Vorletzter Sonntag im Kirchenjahr

Von | November 20, 2022
Die Predigt zum Nachlesen

Gnade sei mit euch und Friede,
von dem der da ist, und der da war, und der da kommt,
und von Jesus Christus,
welcher ist der treue Zeuge,
der Erstgeborene von den Toten
und ein Fürst über die Könige auf Erden.
Amen.

1 Jesus  sagte seinen Jüngern  aber ein Gleichnis darüber, daß sie allezeit beten und nicht nachlassen sollten,
2 und sprach: Es war ein Richter in einer Stadt, der fürchtete sich nicht vor Gott und scheute sich vor keinem Menschen.
3 Es war aber eine Witwe in derselben Stadt, die kam zu ihm und sprach: Schaffe mir Recht gegen meinen Widersacher!
4 Und er wollte lange nicht. Danach aber dachte er bei sich selbst: Wenn ich mich schon vor Gott nicht fürchte noch vor keinem Menschen scheue,
5 will ich doch dieser Witwe, weil sie mir so viel Mühe macht, Recht schaffen, damit sie nicht zuletzt komme und mir ins Gesicht schlage.
6 Da sprach der Herr: Hört, was der ungerechte Richter sagt!
7 Sollte Gott nicht auch Recht schaffen seinen Auserwählten, die zu ihm Tag
und Nacht rufen, und sollte er’s bei ihnen lange hinziehen?
8 Ich sage euch: Er wird ihnen Recht schaffen in Kürze.
Doch wenn der Menschensohn kommen wird, meinst du, er werde Glauben finden auf Erden?

Lukas 18, 1-8

Gebet: HERR, segne Dein Wort an unseren Herzen. Amen.

Liebe Gemeinde!

Schon wieder das Gebet! Jesus kennt uns gut genug. Der Glaube atmet im Gebet, und wir halten zuviel die Luft an. Das ist nicht die Idee. Wir sollen allezeit beten und nicht nachlassen.

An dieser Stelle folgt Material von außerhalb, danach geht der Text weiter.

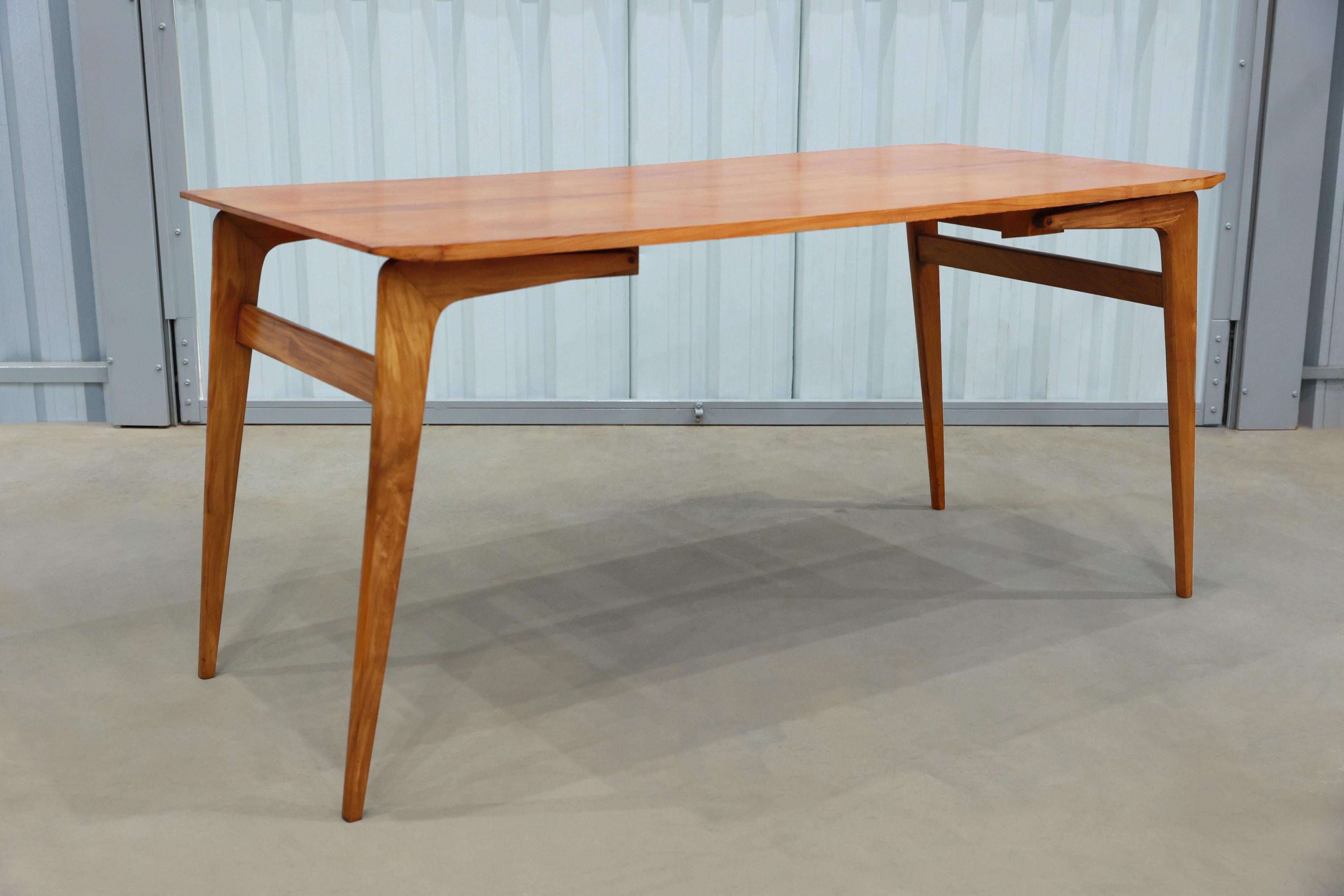 20ième siècle Table de salle à manger et table basse pliable moderne brésilienne en bois dur, Carlo Hauner Brésil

Allezeit? Jederzeit? Das ist eine dumme Frage, die Gründe sucht, nicht zu beten. Wir haben aber keinen Grund, nicht zu beten.

Wer einmal betet, und dem Gebet einen festen Platz in seinem Leben macht, und bei jeder Gelegenheit betet – der läßt diese Frage hinter sich.

In unserem Gleichnis lassen zwei Personen auch etwas hinter sich. Beiden ist etwas egal.

Erstens die Witwe:

Da muß man biblisch denken.

In der Bibel hat jeder Mann die heilige Aufgabe, für die Frau da zu sein, die Gott ihm zuordnet.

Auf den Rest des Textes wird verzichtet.